For present purposes, the specific resistance is known for the core material, the ampere-turns is that
produced by the initial rotor current, the frequency is the initial frequency of the rotor current and the flux
density can be read off a curve supplied by the manufacturer of the core material for any given number of
ampere-turns. The value of a given by Dr Rosenburg is, for practical purposes, close enough to the definition
of penetrating depth given above but his formula is to be taken as a guide rather than a definition. If the
lamina is reduced to a rod of circular cross-section, the diameter of the rod will correspond to a lamina if said
diameter is V2 times said thickness, according to the discussion preceding Dr Rosenberg's equation (10).

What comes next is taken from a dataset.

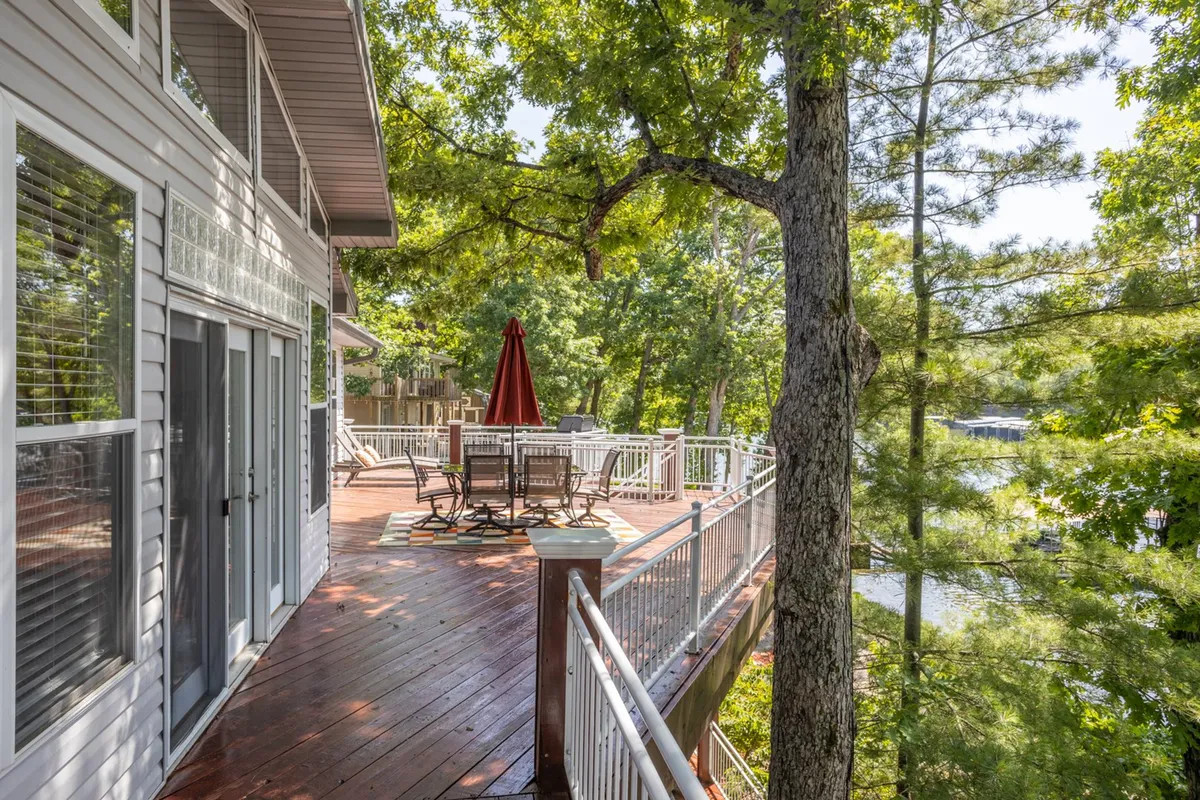 A spacious deck furnished with comfortable seating and a large umbrella, surrounded by lush greenery and overlooking the nearby water. The scene evokes relaxation and social gatherings, with enough space for outdoor dining or enjoying sunset views.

The present inventors have also found that if the thickness of the lamina is made substantially within the range of from 2 to 4 times the penetration depth for a particular motor and the initial frequency of its rotor
current, the penetrating depth will increase as the rotor speeds up and the frequency of the induced current
therein reduces, and thus an automatic control characteristic is built into the device provided the penetration
depth can become larger than half the thickness of the lamina at some point in the starting up cycle of the
motor. By experiment, it has been found that the optimum is to make the lamina of a thickness substantially
in the range of from 2 to 4 times the flux penetration depth at the initial frequency, with a best value of
around 3 times the depth.
According to the invention there is provided a device for controlling the rotor current of a wound rotor
induction motor, comprising at least one coil linking a magnetic circuit a section of which comprises at least
one laminar portion having a thickness transverse to the magnetic flux path therein substantially in the range
of from two to four times the flux penetration depth therein at the frequency of, and at any point in the range
of sizes of, initial rotor current of motors the device is intended to control.

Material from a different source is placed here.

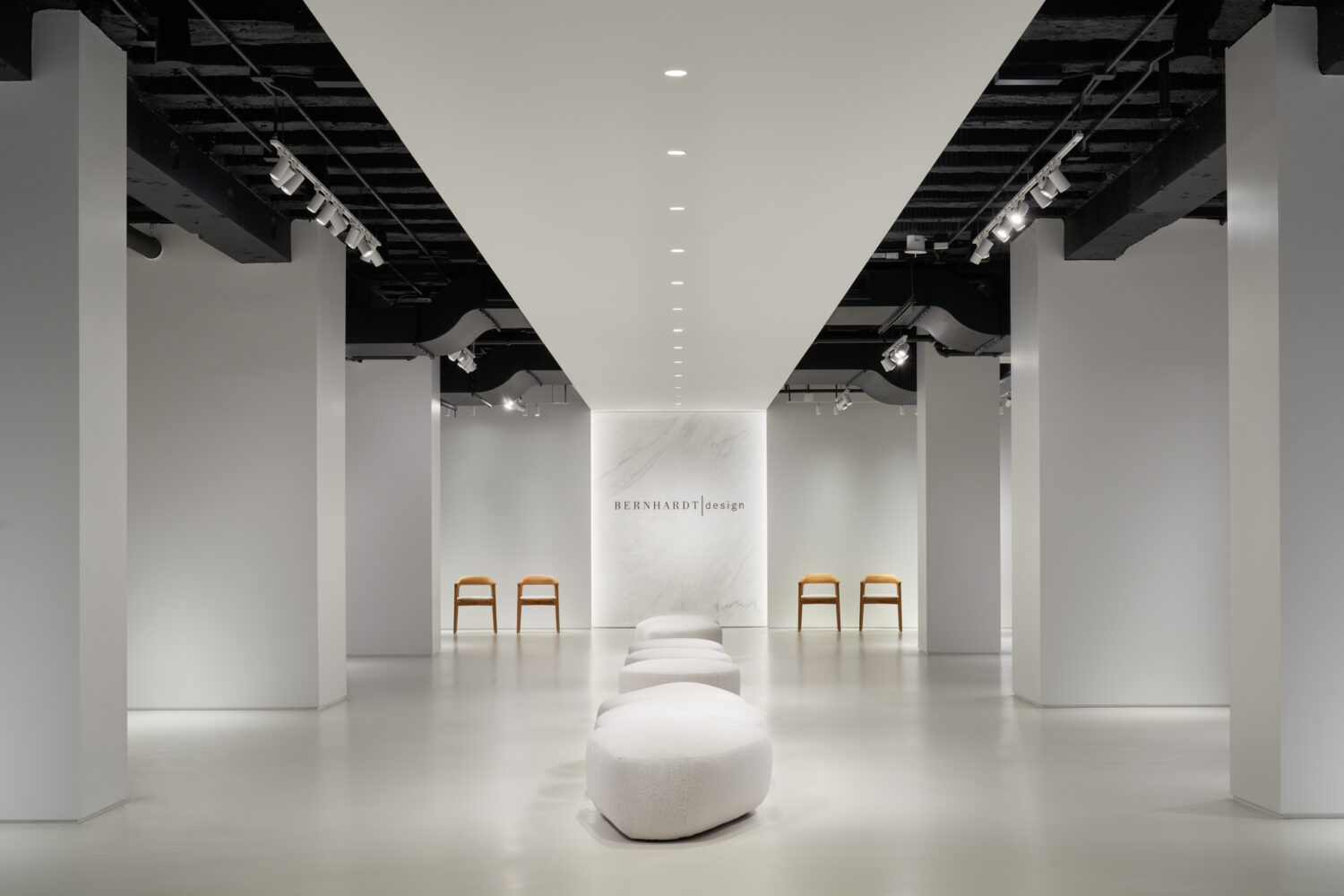 Long white Bernhardt showroom gallery with a sculptural white seat on the center axis under a black open ceiling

The device is intended to be used mainly as a starter but can have any of the other uses mentioned in the
background material recited above.
The optimum according to experiments is when said thickness is substantially three times said depth.
To accommodate different motors or starting conditions for different uses of the same motor, said coil
may be provided with at least one tap to connect part of the coil instead of the whole of the coil to the rotor.

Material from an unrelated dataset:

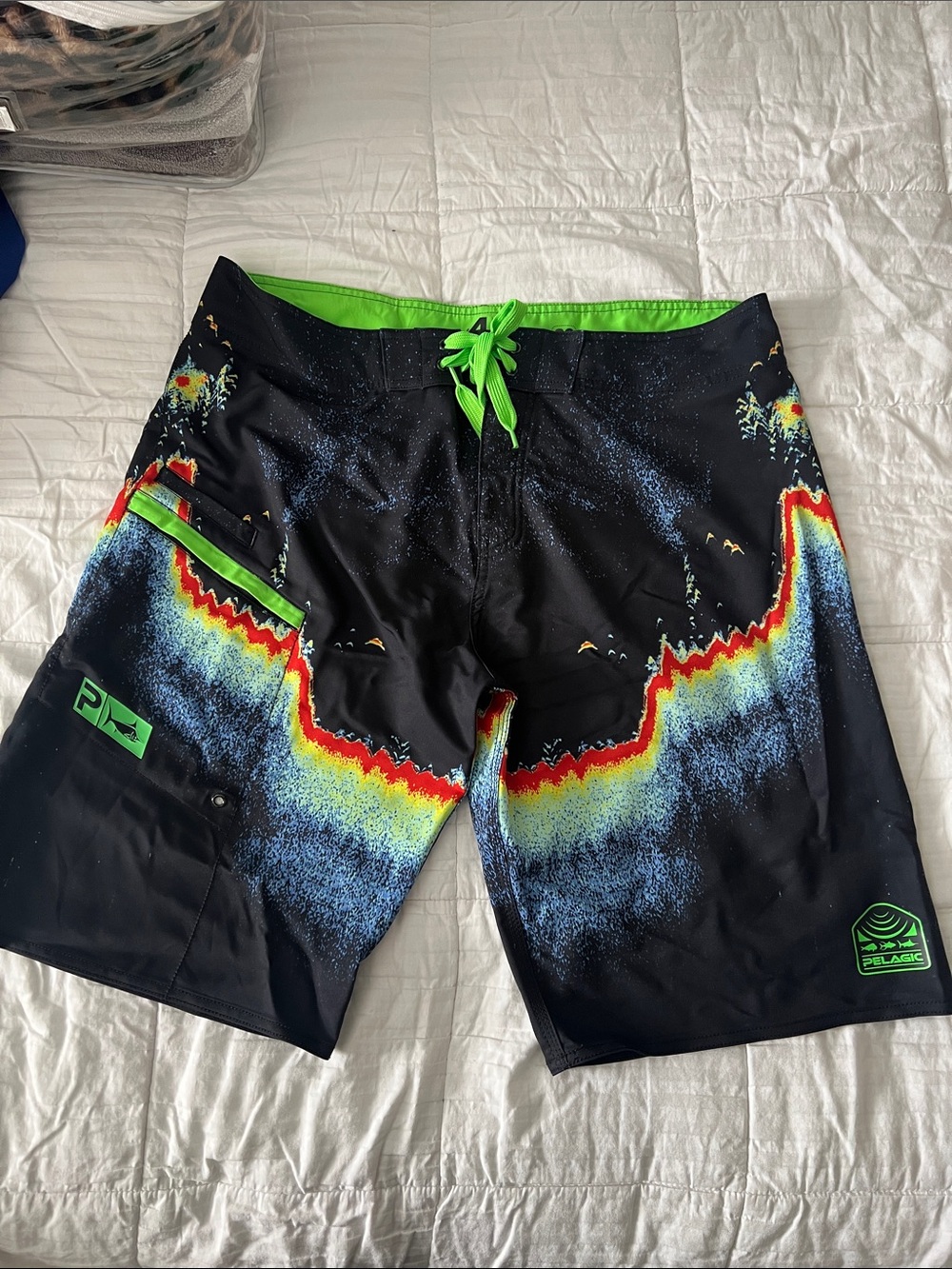 Pelagic Black Swim Board Shorts with Neon Green, Red & Blue Accents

To increase the efficiency of the device in terms of weight of copper in the coil, there is used a plurality of said portions arranged face to face and electrically insulated from each other throughout most of their adjacent surfaces. They may conveniently be welded together at the ends. Provided there is electrical insulation between them, they may be arranged in close juxtaposition, eg separated by a few thousandths of a centimetre. The usual form will be with at least one said portion in the form of a flat plate for convenience of manufacture, though there may be cases in which it is advantageous to have at least one said portion in the form of a tube. In one embodiment, a plurality of such tubes may be arranged alongside each other though electrically insulated from each other throughout most of their adjacent surfaces.In another embodiment, it may be advantageous to have a split tube, though the split again may be only of the order of a few thousandths of a centimetre wide and will- have electrical insulation substantially throughout the facing surfaces of the split. In a particular embodiment, there may be provided a plurality of such split tubes arranged one within another and electrically insulated from each other throughout most of their adjacent surfaces. Again, at least one of the portions may be subdivided into rods extending along the flux path and insulated from each other throughout most of their adjacent surfaces, which can apply to flat-plate shaped portions, eg producing a bundle of rods, orto tubular portions.
A substantial advantage is found when the said section is at least partly within said coil, eg as the whole of the core of the coil, and there is a separate advantage when such a section is at least partly outside said coil, eg forming part or all of the yoke of said coil.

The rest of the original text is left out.